Lowe’s targets safer paint strippers
The retailer pledges to remove methylene chloride by the end of the year.
Mooresville, N.C.-based Lowe’s says it is committed to removing the chemicals methylene chloride and NMP from all paint-removal products globally by the end of 2018.
Of the two chemicals on the removal list, methylene chloride is considered the most harmful – though it’s also considered highly effective in removing paint. The decision to require safer alternatives is a move that had been urged on by various environmental groups and consumer advocates.
An article in the News & Observer reported that more than 60 people have died from methylene chloride exposure in the last 38 years. NMP is linked to miscarriages and stillbirths.

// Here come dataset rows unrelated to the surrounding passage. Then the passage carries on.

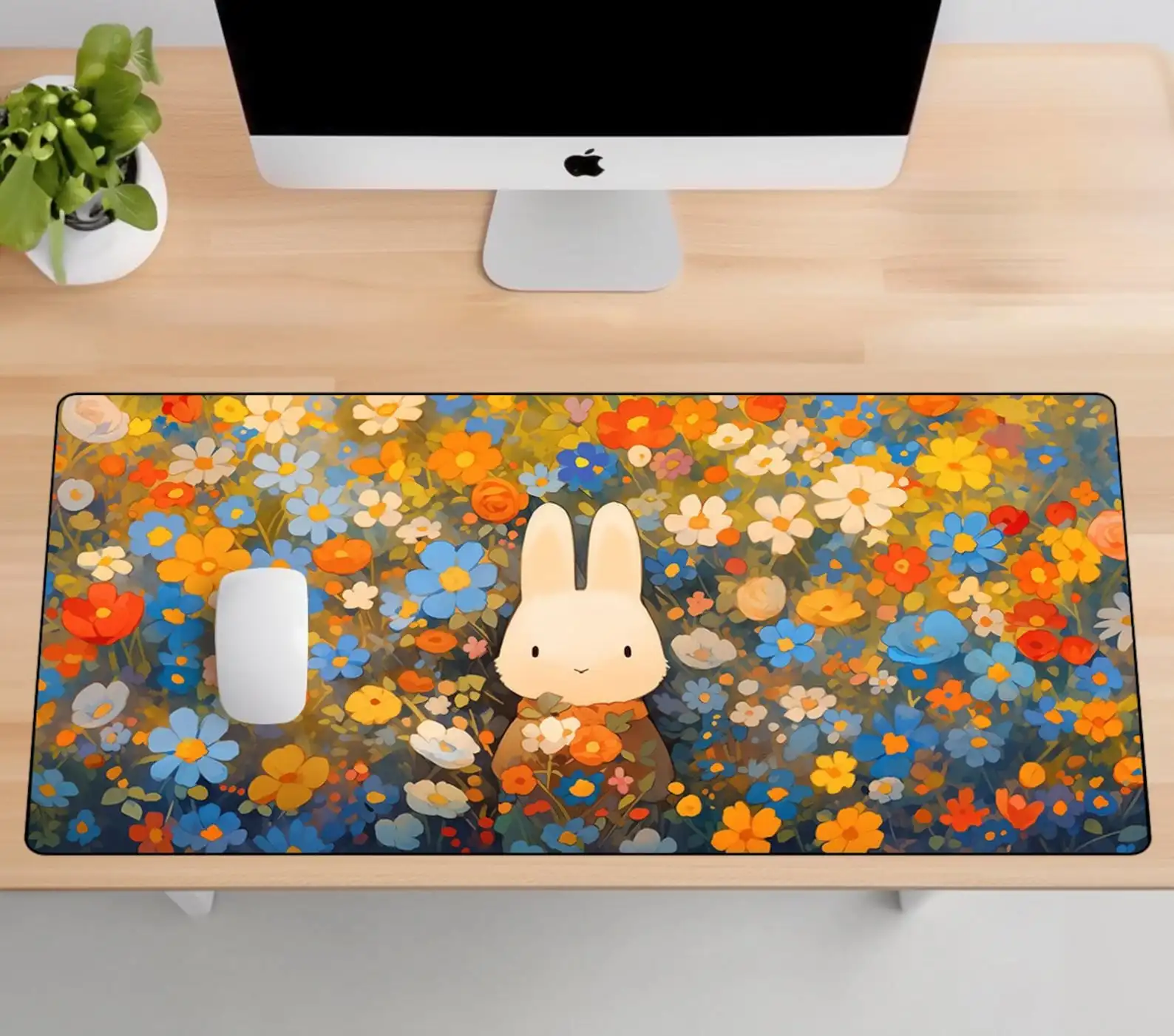 

Cute Bunny Mouse Pad Kawaii,Large Mousepad,Gaming Laptop Mousepad Floral Deskmat,Game Keyboard Deskpad for Work Game Office Home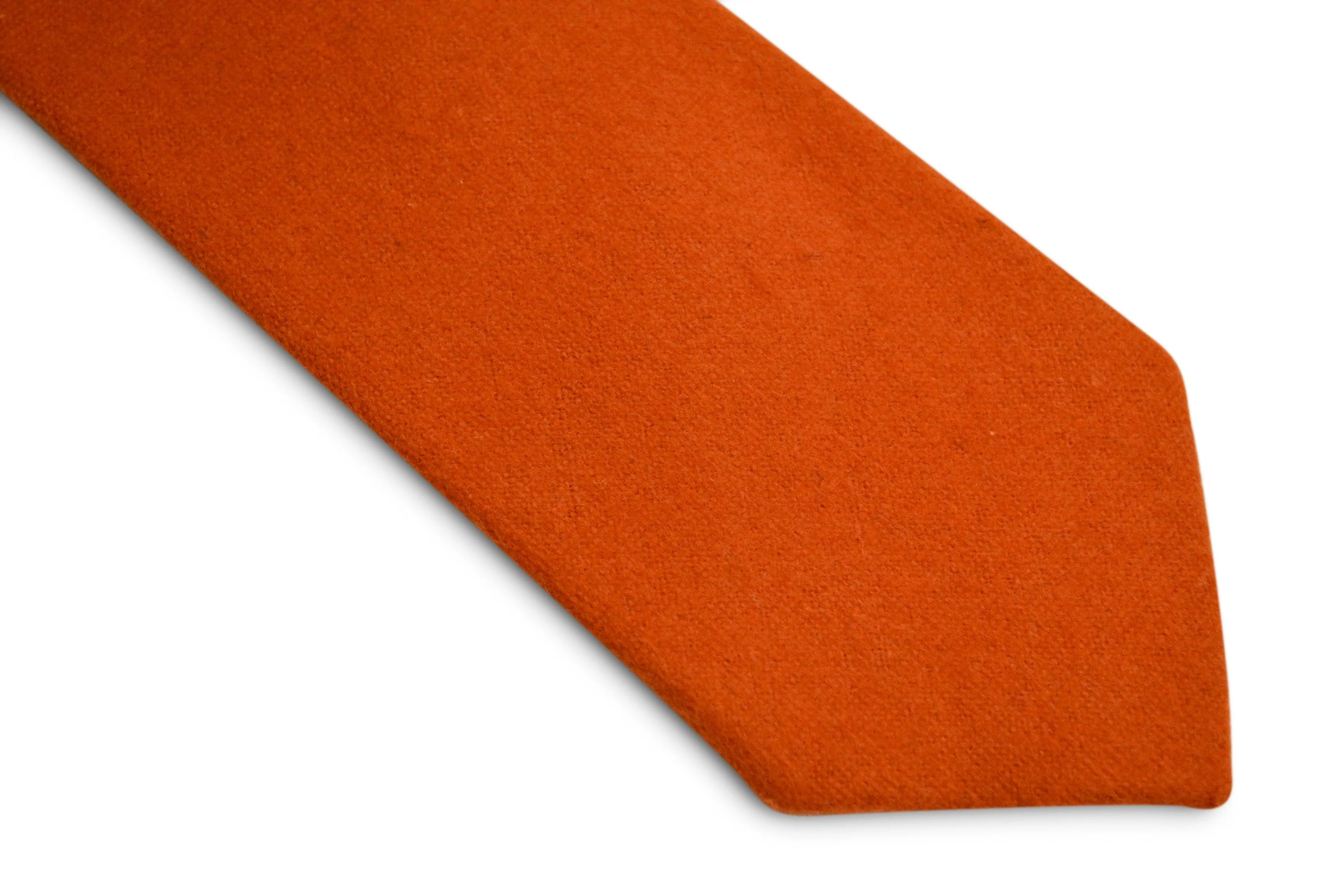 plain burnt orange slim wool tie - Image 3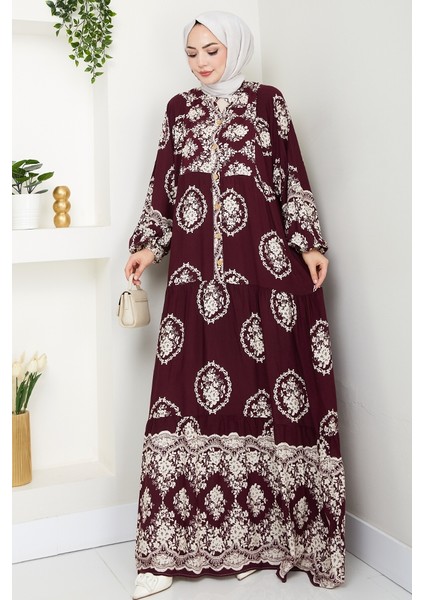 Giral Dokuma Viskon Elbise 1543 - Mürdüm modelleri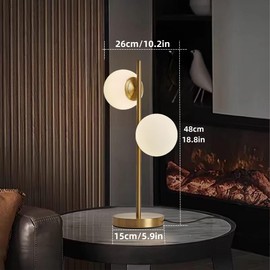 Kardleen Mid Century Table Lamp Modern Globe Table Lamp for Bedroom, Gold Nightstand Light for Offices Contemporary Living Room Decor 2 LED Globe Lights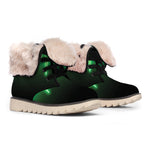 Green Heartbeat Print Winter Boots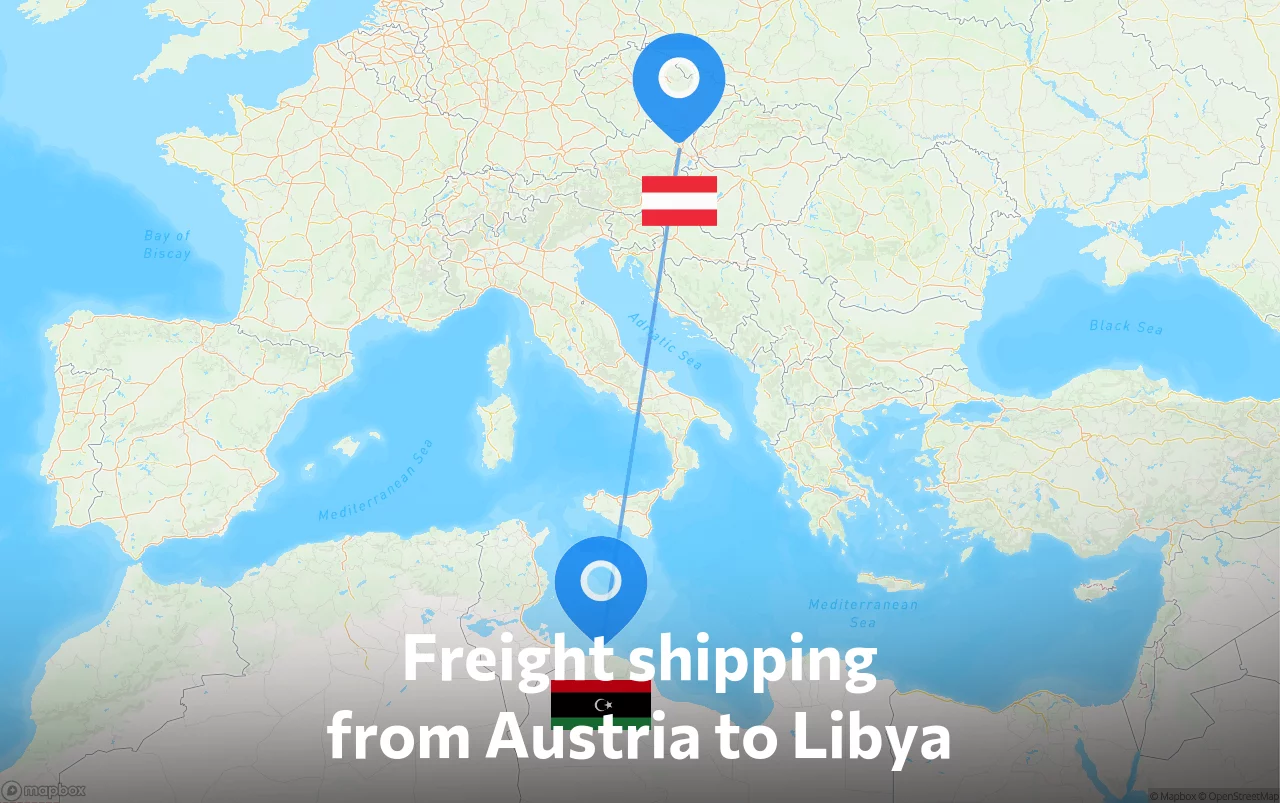 Shipping route from Austria to Libya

Lowe’s says it is working closely with suppliers to find safer paint-removal alternatives to its customers.
“We care deeply about the health and safety of our customers, and great progress is being made in the development of safer and more effective alternatives,” said Mike McDermott, Lowe’s chief customer officer. “As a home improvement leader, we recognize the need for viable paint removal products and remain committed to working closely with suppliers to further innovate in this category.”

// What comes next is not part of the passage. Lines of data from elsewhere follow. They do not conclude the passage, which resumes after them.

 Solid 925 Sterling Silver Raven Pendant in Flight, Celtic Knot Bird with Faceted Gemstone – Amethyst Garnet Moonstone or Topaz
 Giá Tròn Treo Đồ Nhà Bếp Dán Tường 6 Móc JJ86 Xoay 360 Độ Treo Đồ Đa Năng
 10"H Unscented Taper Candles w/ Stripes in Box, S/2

The chemical ban was one of the highlights of the company’s new corporate responsibility report.
“We made great progress in our commitment to corporate responsibility in 2017, including achieving a 2020 goal early by reducing U.S. store carbon emissions,” said Colleen B. Penhall, Lowe’s vice president of corporate social responsibility. “We look forward to building on that momentum as we advance our efforts to meet all of our corporate responsibility goals. We remain committed to using our time, talents and resources to deliver on our purpose and grow in a way that makes our world better and our communities stronger.”
Lowe’s is continuing to phase out other products from its mix: in-stock corded window blinds, neonicotinoid pesticides, formaldehyde, ortho-phthalates and VOC paints.